Your emphasis on rapid iteration╬ô├ç├╢whether through simple infrastructure like a single VM or inline configurations╬ô├ç├╢embodies the ╬ô├ç┬úfail fast, learn fast╬ô├ç┬Ñ philosophy. It reminds me of the importance of embracing technical debt temporarily, provided there’s a clear process for evaluation and cleanup down the line.
I’m curious╬ô├ç├╢have you found any particular metrics or signals that trigger the end of the 3-month window? Also, how do you manage transitioning from these experimental solutions to more robust, scalable architectures once you validate them? Thanks for sharing such a practical perspective that many developers and founders will find invaluable!
This framework aligns with the pragmatic mindset necessary for early-stage startupsΓÇöprioritizing speed, learning, and adaptability over perfect scalability upfront.
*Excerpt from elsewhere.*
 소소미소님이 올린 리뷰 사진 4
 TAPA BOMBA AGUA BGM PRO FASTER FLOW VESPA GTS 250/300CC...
The 3-Month Rule effectively encourages a ΓÇ£fail fast, iterate fasterΓÇ¥ approach, allowing teams to validate assumptions without overinvesting in premature architecture.
Your emphasis on simple, disposable solutions╬ô├ç├╢like consolidating everything on a single VM and hardcoding configurations╬ô├ç├╢reminds me of the importance of “progressive scaling.” It╬ô├ç├ûs about building a minimal viable ecosystem that provides real user insights before committing to complex infrastructure. Additionally, this approach echoes the concept of technical debt as a strategic tool rather than a liability╬ô├ç├╢using it intentionally for rapid iteration, then refactoring later when scaling is justified.
In practice, IΓÇÖve seen teams benefit from a disciplined review process at the three-month mark, assessing whether the initial solution still meets evolving needs or needs re-architecture. This disciplined yet flexible mindset can be the difference between getting to product-market fit efficiently and getting bogged down in over-engineering. Thanks for sharing this practical, experience-driven methodology!
This framework is a compelling reminder that in startup and development contexts, speed and learning often outweigh perfection. The 3-Month Rule encourages pragmatic experimentation—allowing teams to validate assumptions quickly without falling into analysis paralysis or over-engineering.
I particularly appreciate the emphasis on simplicity, such as consolidating on a single VM and maintaining hardcoded configs for rapid iteration. These tactics reduce friction and provide immediate feedback on what truly matters for your users. It reminds me of the “minimum viable product” philosophy, but with a structured timeframe for evaluation.
One additional angle to consider is embedding regular retrospectives at the end of each period—beyond just evaluating if it adds value, discussing what was learned and what the next iteration should focus on. This can help refine the decision-making process over time, turning the 3-month cycles into a continuous learning loop.
Overall, this approach strikes a healthy balance between agility and strategic development, fostering innovation within resource constraints—a mindset every startup should cultivate.